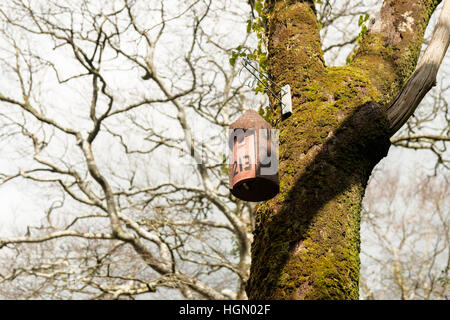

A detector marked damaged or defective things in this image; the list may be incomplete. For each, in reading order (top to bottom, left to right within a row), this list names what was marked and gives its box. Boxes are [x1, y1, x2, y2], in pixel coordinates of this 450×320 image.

rusty brown nest box [230, 109, 280, 201]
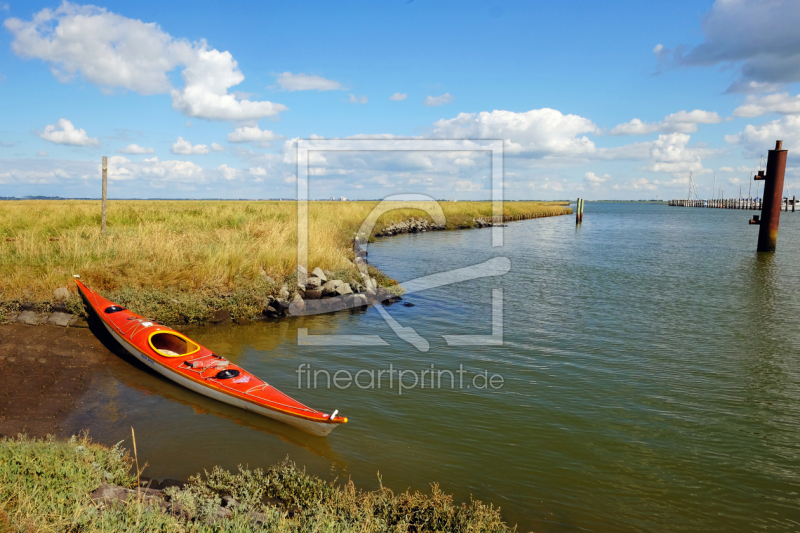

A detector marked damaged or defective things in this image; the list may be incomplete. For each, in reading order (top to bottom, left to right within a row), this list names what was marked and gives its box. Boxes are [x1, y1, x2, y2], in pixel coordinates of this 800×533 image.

rusty metal post [756, 139, 788, 251]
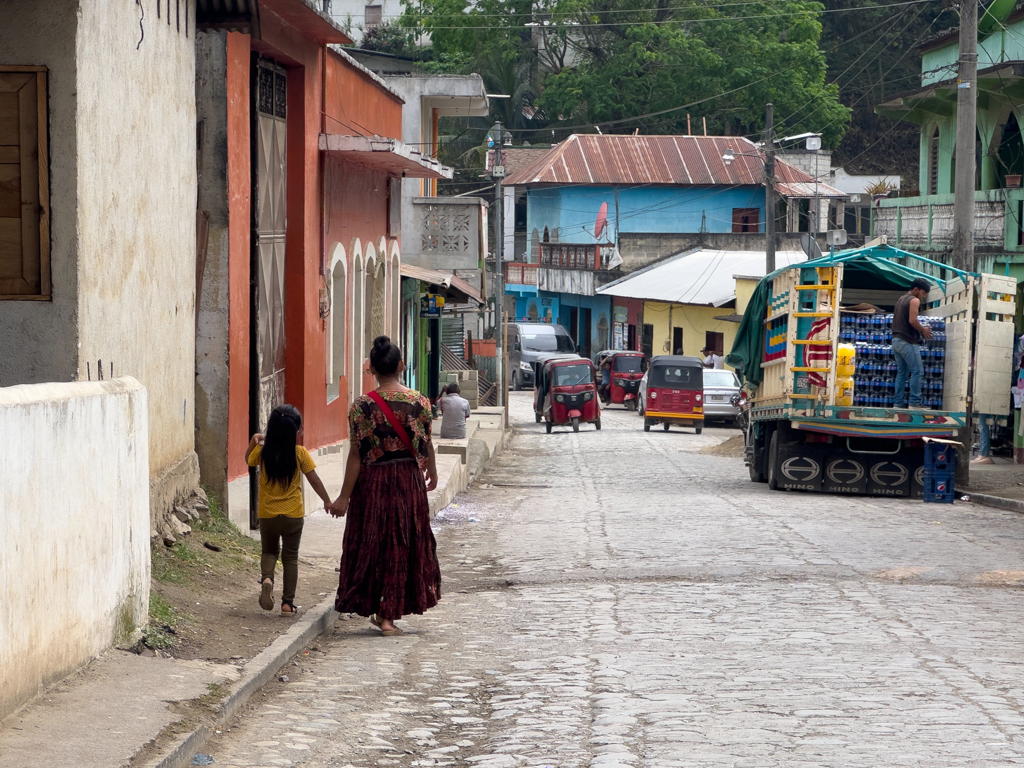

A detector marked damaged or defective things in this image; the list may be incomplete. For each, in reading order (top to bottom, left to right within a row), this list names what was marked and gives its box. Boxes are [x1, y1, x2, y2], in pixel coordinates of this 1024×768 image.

cracked pavement [203, 393, 1024, 765]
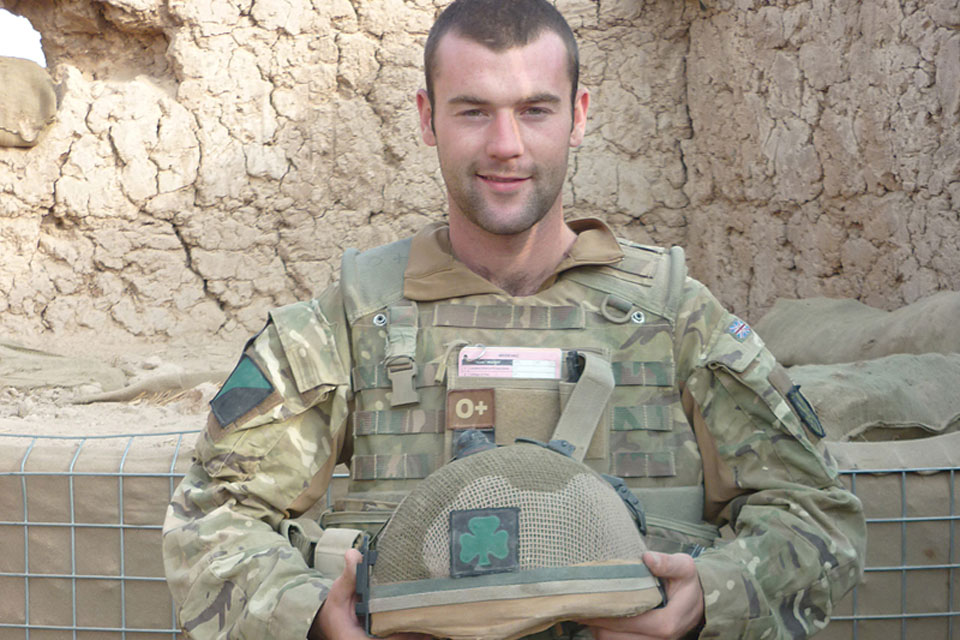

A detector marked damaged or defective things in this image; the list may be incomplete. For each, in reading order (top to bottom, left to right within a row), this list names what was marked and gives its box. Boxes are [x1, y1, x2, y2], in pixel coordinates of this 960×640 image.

________________

» **What is needed**
Without copying any picture, repeat the full listing above word for word.

» **Reply**
A detector marked damaged or defective things in this image; the list may be incomplete. For each, in reading order (top to bottom, left to right within a row), this list names what was marked and gives its box. Boxes are [x1, y1, x2, y2], in pixel coordinates of this 450×320 image.

rusty brown nest box [230, 109, 280, 201]

A detector marked damaged or defective things in this image; the list may be incomplete. For each, in reading order (top to bottom, left to right within a row), this list names what was marked and gives its box. Boxes are [x1, y1, x2, y2], in pixel coordinates of this 800×533 image.

rusty metal post [756, 139, 788, 251]

A detector marked damaged or defective things in this image; the list may be incomplete. For each, in reading order (top to bottom, left to right within a row), this list names what was marked and gives its box. Boxes are [x1, y1, x2, y2], in pixel coordinates of this 1024×768 image.

cracked pavement [203, 393, 1024, 765]

A detector marked damaged or defective things in this image; the list may be incomplete. For each, in reading order (top to bottom, left to right within a row), this list names what was marked and gives its box. Boxes are [x1, y1, x2, y2], in pixel coordinates of this 960×640 image.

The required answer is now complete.